It’s a stellar undertaking to plan and pay for your own HDB flat completely. For a government-subsidized property, it’s an expensive investment. However, thanks to readily-available financial assistance, you can have your flat in no time. You’ll need to know your maximum HDB loan first.
Your maximum financing available helps you plan for your new flat accordingly. If you’re eligible, the government will give you financial assistance to purchase its subsidized residential properties. Here’s everything you need to know to learn the maximum loan quickly.
HDB Loan Eligibility Criteria
Foreigners planning to purchase an HDB property can stop reading at this point. Only Singaporeans can own properties and use government-backed financial services. On the other hand, foreign workers can rent properties from Singaporean owners.
Here’s the complete eligibility list for prospective loan applicants.

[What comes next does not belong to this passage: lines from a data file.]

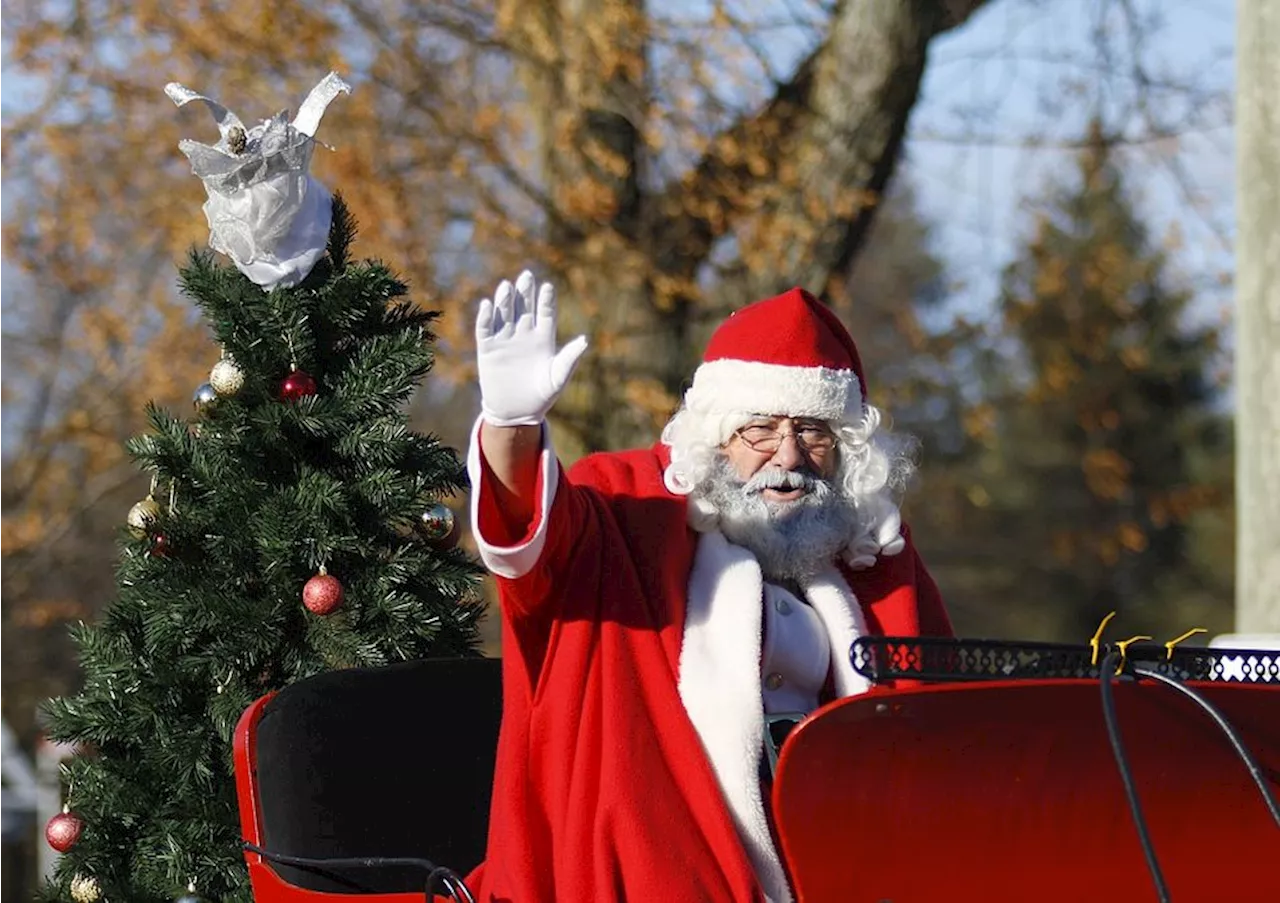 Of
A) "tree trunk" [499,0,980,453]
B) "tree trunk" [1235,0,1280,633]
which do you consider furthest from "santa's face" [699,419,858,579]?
"tree trunk" [499,0,980,453]

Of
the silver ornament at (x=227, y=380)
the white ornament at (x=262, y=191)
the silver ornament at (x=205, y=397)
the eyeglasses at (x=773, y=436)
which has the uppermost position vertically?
the white ornament at (x=262, y=191)

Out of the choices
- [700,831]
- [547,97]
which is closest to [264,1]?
[547,97]

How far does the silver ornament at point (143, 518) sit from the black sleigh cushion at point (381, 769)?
27.1 inches

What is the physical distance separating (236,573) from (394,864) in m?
0.99

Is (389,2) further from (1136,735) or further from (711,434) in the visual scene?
(1136,735)

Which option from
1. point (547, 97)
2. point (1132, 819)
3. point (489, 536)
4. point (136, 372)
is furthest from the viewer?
point (136, 372)

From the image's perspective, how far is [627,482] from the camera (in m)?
3.55

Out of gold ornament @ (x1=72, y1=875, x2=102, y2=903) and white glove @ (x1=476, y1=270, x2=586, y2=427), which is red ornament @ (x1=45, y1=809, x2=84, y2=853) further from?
white glove @ (x1=476, y1=270, x2=586, y2=427)

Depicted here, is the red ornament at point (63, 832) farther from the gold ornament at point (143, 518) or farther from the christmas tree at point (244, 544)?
the gold ornament at point (143, 518)

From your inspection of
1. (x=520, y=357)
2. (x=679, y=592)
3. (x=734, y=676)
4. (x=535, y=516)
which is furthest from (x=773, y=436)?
(x=520, y=357)

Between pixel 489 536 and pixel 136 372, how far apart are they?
1416cm

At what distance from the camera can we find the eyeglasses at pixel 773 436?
3.64 m

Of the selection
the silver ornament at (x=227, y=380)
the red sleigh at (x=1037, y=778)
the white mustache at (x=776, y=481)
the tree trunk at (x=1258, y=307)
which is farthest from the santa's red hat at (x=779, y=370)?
the tree trunk at (x=1258, y=307)

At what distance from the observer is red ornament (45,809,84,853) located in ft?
13.1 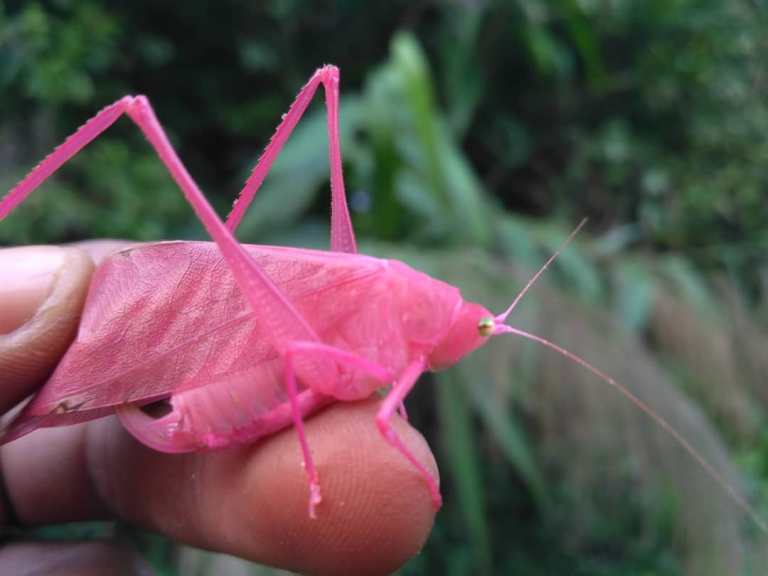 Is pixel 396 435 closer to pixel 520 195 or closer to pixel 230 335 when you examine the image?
pixel 230 335

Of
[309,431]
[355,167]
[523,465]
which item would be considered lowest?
[523,465]

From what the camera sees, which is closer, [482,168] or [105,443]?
[105,443]

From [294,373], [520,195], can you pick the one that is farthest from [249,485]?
[520,195]

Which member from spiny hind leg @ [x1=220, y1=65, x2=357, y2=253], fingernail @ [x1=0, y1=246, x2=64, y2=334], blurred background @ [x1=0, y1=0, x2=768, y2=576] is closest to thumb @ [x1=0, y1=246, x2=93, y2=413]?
fingernail @ [x1=0, y1=246, x2=64, y2=334]

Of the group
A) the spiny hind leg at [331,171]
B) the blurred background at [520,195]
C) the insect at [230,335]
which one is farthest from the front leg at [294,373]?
the blurred background at [520,195]

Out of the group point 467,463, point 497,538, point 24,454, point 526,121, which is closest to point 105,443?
point 24,454

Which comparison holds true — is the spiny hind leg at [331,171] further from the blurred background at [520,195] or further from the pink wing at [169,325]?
the blurred background at [520,195]

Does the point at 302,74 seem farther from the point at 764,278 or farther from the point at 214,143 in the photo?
the point at 764,278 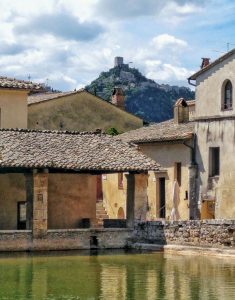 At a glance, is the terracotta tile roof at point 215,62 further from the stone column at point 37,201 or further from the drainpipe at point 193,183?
the stone column at point 37,201

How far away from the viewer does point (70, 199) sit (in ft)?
116

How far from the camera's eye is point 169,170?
A: 42125 mm

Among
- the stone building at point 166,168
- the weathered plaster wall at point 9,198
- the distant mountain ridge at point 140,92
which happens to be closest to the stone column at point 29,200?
the weathered plaster wall at point 9,198

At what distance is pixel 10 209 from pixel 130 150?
18.0 feet

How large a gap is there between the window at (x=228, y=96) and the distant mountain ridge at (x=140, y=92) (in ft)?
226

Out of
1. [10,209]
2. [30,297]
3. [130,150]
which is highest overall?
[130,150]

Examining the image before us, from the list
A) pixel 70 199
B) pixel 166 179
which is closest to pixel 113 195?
pixel 166 179

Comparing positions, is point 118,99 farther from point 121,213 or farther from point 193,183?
point 193,183

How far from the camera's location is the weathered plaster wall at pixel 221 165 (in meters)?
38.4

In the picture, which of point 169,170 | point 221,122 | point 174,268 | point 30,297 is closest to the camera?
point 30,297

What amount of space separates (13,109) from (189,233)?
40.1 feet

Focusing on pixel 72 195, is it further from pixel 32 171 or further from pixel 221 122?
pixel 221 122

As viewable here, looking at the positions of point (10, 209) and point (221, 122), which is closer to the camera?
point (10, 209)

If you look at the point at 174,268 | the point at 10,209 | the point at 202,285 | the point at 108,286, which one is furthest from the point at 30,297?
the point at 10,209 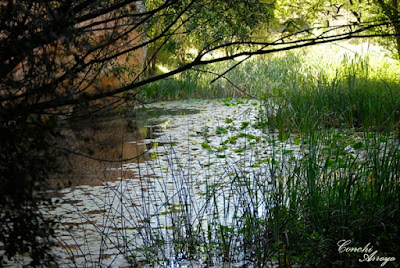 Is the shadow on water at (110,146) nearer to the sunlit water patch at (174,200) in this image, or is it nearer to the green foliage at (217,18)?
the sunlit water patch at (174,200)

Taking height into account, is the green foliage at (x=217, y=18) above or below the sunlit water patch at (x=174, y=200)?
above

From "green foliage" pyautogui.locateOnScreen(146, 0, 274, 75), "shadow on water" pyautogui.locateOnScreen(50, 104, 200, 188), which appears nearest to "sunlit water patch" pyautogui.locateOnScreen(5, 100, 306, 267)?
"shadow on water" pyautogui.locateOnScreen(50, 104, 200, 188)

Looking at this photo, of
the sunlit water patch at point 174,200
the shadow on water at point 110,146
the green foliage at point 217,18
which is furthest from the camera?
the green foliage at point 217,18

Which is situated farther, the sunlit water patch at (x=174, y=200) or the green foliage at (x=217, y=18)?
the green foliage at (x=217, y=18)

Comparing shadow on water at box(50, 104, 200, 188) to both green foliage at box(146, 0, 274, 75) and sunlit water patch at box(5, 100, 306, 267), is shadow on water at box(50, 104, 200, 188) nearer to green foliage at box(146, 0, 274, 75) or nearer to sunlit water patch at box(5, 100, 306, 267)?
sunlit water patch at box(5, 100, 306, 267)

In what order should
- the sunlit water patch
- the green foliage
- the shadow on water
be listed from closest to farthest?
Answer: the sunlit water patch < the shadow on water < the green foliage

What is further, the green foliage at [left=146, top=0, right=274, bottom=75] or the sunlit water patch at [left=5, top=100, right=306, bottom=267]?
the green foliage at [left=146, top=0, right=274, bottom=75]

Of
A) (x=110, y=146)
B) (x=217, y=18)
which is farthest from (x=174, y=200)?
(x=110, y=146)

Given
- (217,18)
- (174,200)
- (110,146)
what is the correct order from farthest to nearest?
(110,146), (174,200), (217,18)

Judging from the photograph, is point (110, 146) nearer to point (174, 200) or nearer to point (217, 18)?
point (174, 200)

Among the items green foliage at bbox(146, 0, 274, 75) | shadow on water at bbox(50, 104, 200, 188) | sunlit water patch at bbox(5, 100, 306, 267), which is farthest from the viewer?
green foliage at bbox(146, 0, 274, 75)

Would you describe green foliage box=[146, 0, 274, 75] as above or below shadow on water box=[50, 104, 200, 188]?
above

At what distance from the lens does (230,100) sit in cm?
993

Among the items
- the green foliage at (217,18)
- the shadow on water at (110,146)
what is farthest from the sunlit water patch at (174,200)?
the green foliage at (217,18)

Only Singaporeans can own an HDB flat, meaning they can find out about their maximum loan amount and use financing services. Foreigners who have become permanent residents can own flats and use loans. However, if a Singaporean and foreigner were to pay for a flat, the government will recognize only the Singaporean as its owner.
HDB will ask for every loan applicant’s NRIC to prove they are Singaporeans. Additionally, it allows the government department to investigate their overall background for further references.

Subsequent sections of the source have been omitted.